Le 14 janvier 2024, Fatima est enlevée par trois soldats des Forces de soutien rapide. Au prétexte que son oncle travaille dans les douanes, elle est accusée de collaboration avec l’armée régulière. « Ils m’ont emmenée dans une maison obscure. Il était minuit et demi environ. C’était très sombre, mais je pouvais sentir l’odeur du sang. Après m’avoir frappée, ils m’ont traînée par la jambe dans les escaliers jusqu’au deuxième étage. Le plus gradé d’entre eux est venu à moi. Il m’a dit : “Tu collabores avec l’armée. Je vais te violer pour jeter la honte sur ton oncle”. J’ai dit que j’étais tout juste mariée, que j’étais encore vierge. Il a dit : “Je ne connais pas ce mot”. Il m’a violée, pleure la jeune femme. Il est redescendu. Le deuxième soldat est monté, puis le troisième. »
« J’étais devenue sa chose »
Ce que raconte Fatima est arrivé à des milliers d’autres.

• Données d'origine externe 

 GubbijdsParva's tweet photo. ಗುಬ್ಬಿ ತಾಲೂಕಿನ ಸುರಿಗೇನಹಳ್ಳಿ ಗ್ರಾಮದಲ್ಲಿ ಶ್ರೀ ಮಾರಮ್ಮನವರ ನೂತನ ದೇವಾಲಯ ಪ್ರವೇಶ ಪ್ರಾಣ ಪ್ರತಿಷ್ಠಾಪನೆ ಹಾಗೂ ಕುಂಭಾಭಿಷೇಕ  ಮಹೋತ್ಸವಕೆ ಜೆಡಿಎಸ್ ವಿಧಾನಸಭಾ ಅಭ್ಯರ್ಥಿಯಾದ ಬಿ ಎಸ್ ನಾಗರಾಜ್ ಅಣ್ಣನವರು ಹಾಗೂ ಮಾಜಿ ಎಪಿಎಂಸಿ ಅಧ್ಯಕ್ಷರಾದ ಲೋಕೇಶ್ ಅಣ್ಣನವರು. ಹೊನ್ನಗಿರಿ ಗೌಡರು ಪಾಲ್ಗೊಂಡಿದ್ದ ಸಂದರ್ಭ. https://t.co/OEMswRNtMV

Selon nos informations, les paramilitaires ont organisé un trafic d’esclaves sexuelles à travers le pays. Des centaines de femmes ont été vendues sur des marchés au Darfour. « L’un d’entre eux a dit : “Maintenant, on la bute”. Il a tiré en l’air. Mais l’officier a dit : “Non, moi, je la veux. Je la prends avec moi”. Il m’a dit que j’aurais la vie sauve à une condition : “Tu rentres chez toi, tu prends tes affaires, et à 5 heures du matin, tu pars avec moi. On va aller à Nyala, ou à El Fasher (au Darfour).” Après m’avoir violée, j’étais devenue sa chose, il pensait pouvoir faire de moi ce qu’il voulait. Quand je suis rentrée chez moi, je ne tenais plus debout. J’ai tout raconté à ma mère qui m’a dit : “Tu ne pars pas avec eux”. Elle a demandé au voisin de faire le guet. Il n’y avait personne dans la rue. À 3 heures du matin, on s’est enfui. »
Une fois franchies les lignes de front, Fatima est interrogée par les renseignements de l’armée régulière. Ils veulent des informations sur l’ennemi. Personne ne se soucie de son état. C’est un nouvel enfer qui commence, celui du silence. « Quand mon mari l’a su, il s’est énervé, il a voulu divorcer. Au bout d’un mois, il a dit qu’il avait reçu un message de Dieu. Il a accepté de me garder à la condition que je ne dise rien à sa famille ni à personne. Chez nous au Soudan, ce sont des choses qu’on ne peut pas dire, c’est la honte. En dehors de mes parents, de ma tante, personne ne sait. »
Quatre ans après la révolution contre le régime d’Omar el-Béchir, qui avait porté un vent d’espoir pour les femmes, les Soudanaises sont les premières victimes de la guerre.